It’s very easy to judge others when it comes to various functional fitness regimes. How many times have you seen someone working out and thought either ‘They know their stuff’ or ‘There’s no point in doing that’? The answer is likely to be all of us. Health and fitness is such a vast field with many sub disciplines. As a result, there are so many different approaches to health and fitness. Check out the guys at Brute Strength who recently put athletes with vastly different backgrounds and training techniques against each other in a series of fitness challenges. The results may surprise you.
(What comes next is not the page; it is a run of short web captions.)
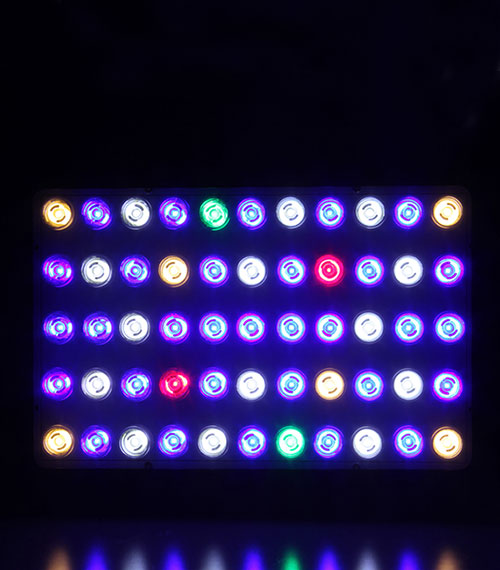 LED Aquarienlicht, LED Aquariumlicht, LED Aquariumstrahler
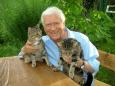 Deutsche sind katzenverliebt, am 8. August 2012 ist Tag der Katze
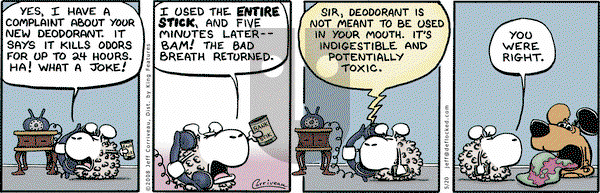 DeFlocked - Tuesday May 20, 2008 Comic Strip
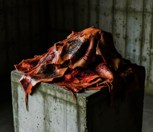 Обложка произведения Объект 005 “И сожгли плоть его за грехи наши"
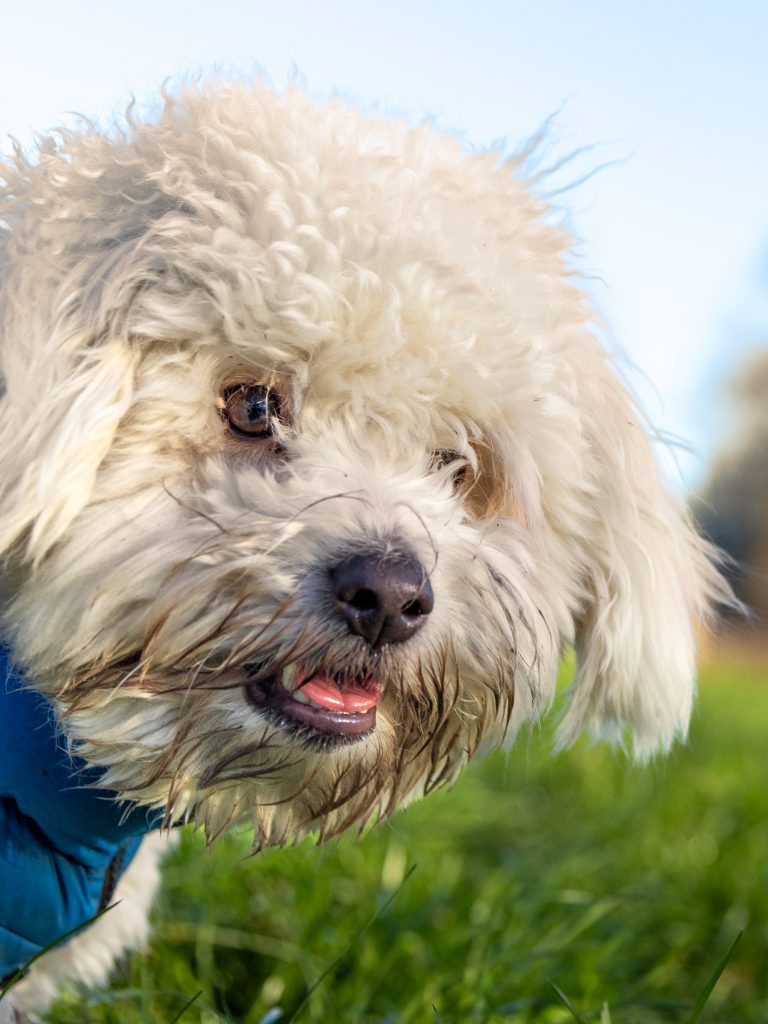 The portrait of an adorable Coton de Tulear poses for photographer Steph during an outdoor dog photoshoot.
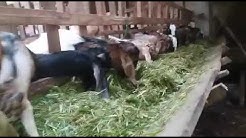 Penggemukan Kambing dengan Daun Tebu 081334272800 - Durasi: 3.21. 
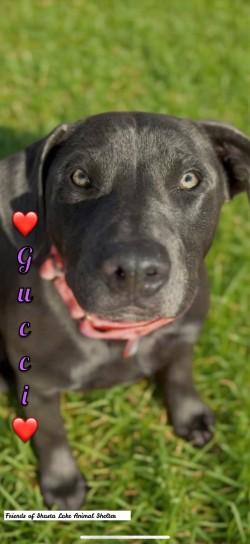 Gucci, a ADOPTABLE mixed breed in Shasta Lake, CA image 1/3
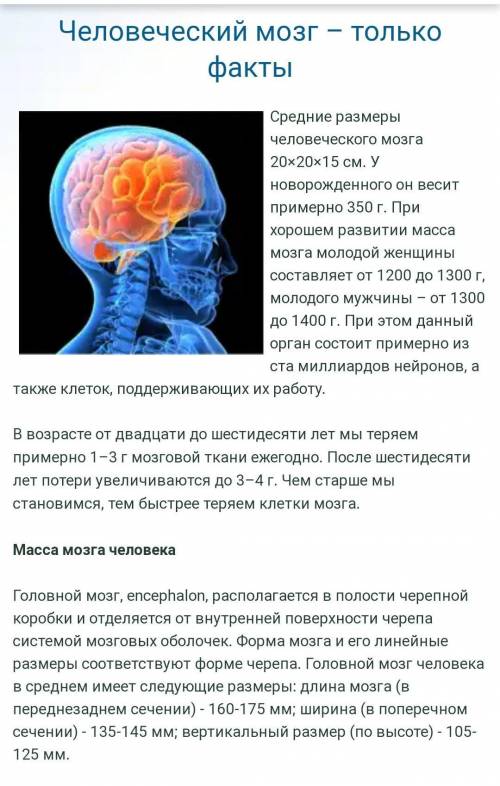 Объём мозга современных людей​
Not everyone wants Functional Fitness
The best way to approach a fitness programme is going to be heavily influenced by the goal of the programme. There is enough science and pseudo science out there to support certain principles and approaches. The vast majority use an exercise programme to control weight and body composition. Taken a little more seriously and these programmes can be driven by aesthetics (think bodybuilders and fitness exhibitions). Then we have the athletes, from weekend warriors to the professional and elite. Somewhere in the middle come the ‘functional fitness’ crew, such as Crossfit and Strongman – some of whom can become full time professionals in fitness.
Coaching backgrounds Differ
Personal trainers, strength & conditioning coaches, lifestyle coaches will all come via different backgrounds. Their knowledge has been accumulated in many different ways. Different coaches will have their own systems and unique methods to produce the results that they want. Ultimately, working with a client or athlete consistently over time should yield results. Like athletes, coaches too can be very quick to judge other programmes and approaches. A common one would be the functional fitness crew scoffing at the use of biceps curls! However, there is always a place for bicep curls in a programme!
Specific bicep work may be required to overcome a movement dysfunction, such as hyper extensive elbows. They’re also great for those wanting to look good and improve their physiques! If a client wants to include bicep curls in their programme then what is your rationale for stopping them? Is it going to harm them? I’d argue that allowing them to be included improves the quality of the exercises that you ‘really want them to do’!
In short, get of the academic high horse and accept the potential benefits of thinking outside of your own box. There’s more than one way to get fit in Ascot.